**Your objective:** Starting with the line with "Rosa, orange und" in the entries below and going on through the line with "President-elect Franklin Roosevelt", output every line exactly and nothing more. No pictures.

**Stored data:**
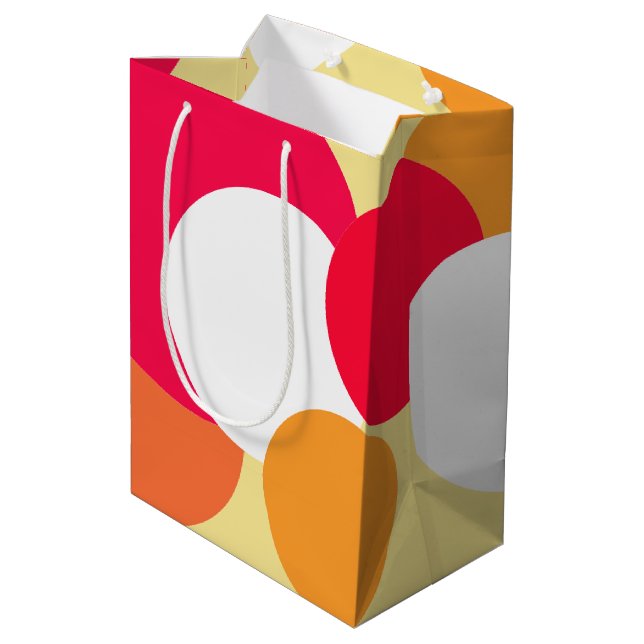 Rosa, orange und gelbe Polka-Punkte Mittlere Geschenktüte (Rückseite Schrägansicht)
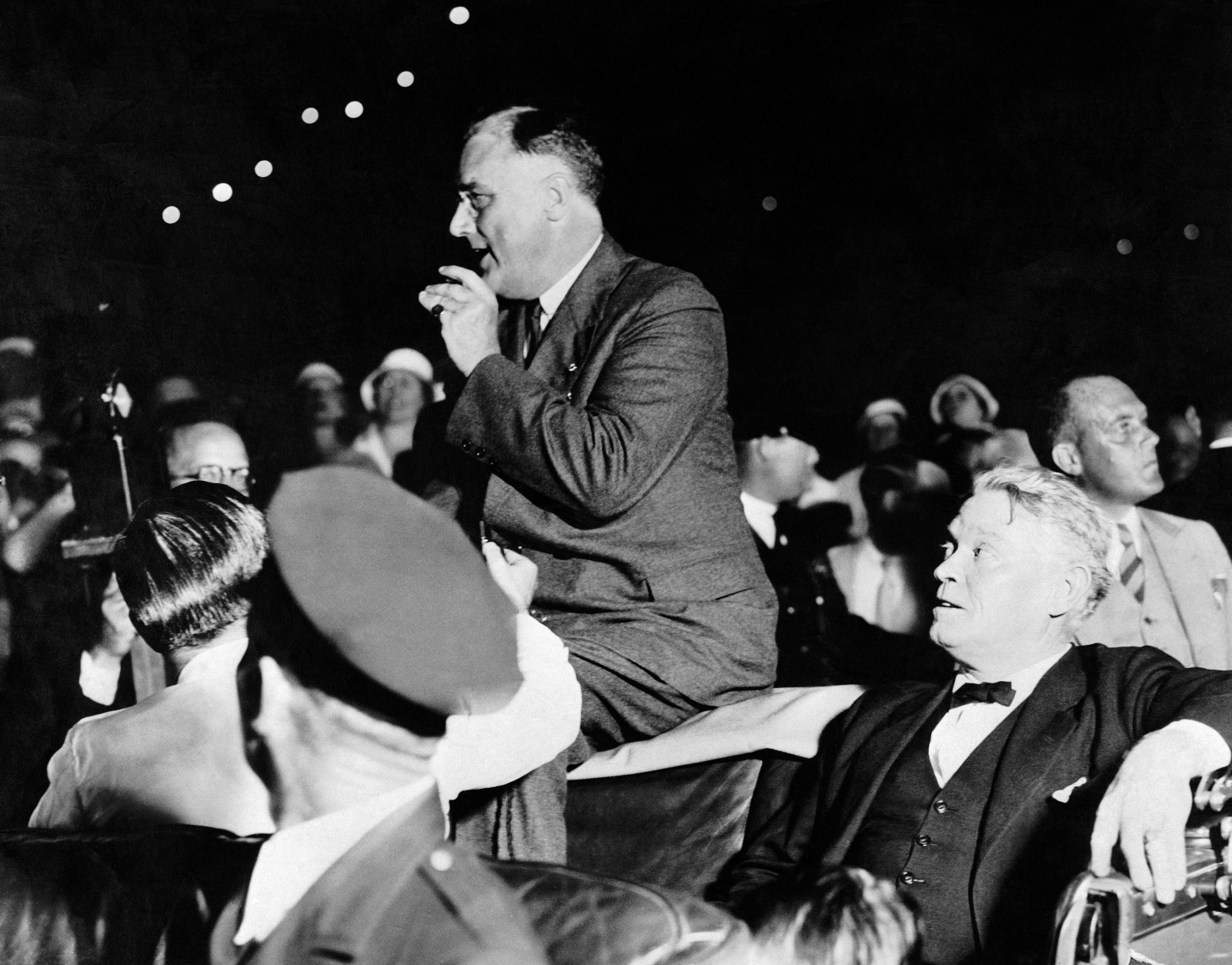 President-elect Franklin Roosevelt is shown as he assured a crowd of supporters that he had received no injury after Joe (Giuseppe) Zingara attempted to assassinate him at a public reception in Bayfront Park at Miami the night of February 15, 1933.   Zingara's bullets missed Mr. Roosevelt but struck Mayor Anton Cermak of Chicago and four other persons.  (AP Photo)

==

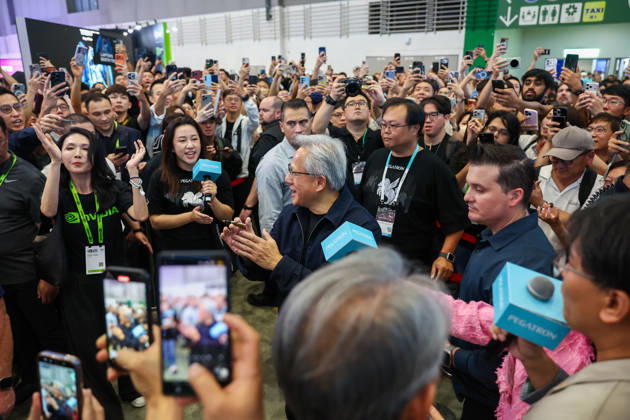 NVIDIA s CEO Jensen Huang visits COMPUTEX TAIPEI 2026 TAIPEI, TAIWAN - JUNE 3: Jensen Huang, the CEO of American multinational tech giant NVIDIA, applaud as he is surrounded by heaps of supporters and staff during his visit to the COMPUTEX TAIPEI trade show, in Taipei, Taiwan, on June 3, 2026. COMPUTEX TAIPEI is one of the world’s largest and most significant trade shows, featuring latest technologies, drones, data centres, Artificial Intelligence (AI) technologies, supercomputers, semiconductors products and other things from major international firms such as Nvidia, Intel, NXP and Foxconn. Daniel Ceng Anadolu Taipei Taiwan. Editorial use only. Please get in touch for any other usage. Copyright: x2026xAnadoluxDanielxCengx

...

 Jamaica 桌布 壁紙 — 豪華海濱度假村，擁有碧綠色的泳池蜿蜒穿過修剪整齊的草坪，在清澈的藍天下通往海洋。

**Exercise solution:**
 Rosa, orange und gelbe Polka-Punkte Mittlere Geschenktüte (Rückseite Schrägansicht)
 President-elect Franklin Roosevelt is shown as he assured a crowd of supporters that he had received no injury after Joe (Giuseppe) Zingara attempted to assassinate him at a public reception in Bayfront Park at Miami the night of February 15, 1933.   Zingara's bullets missed Mr. Roosevelt but struck Mayor Anton Cermak of Chicago and four other persons.  (AP Photo)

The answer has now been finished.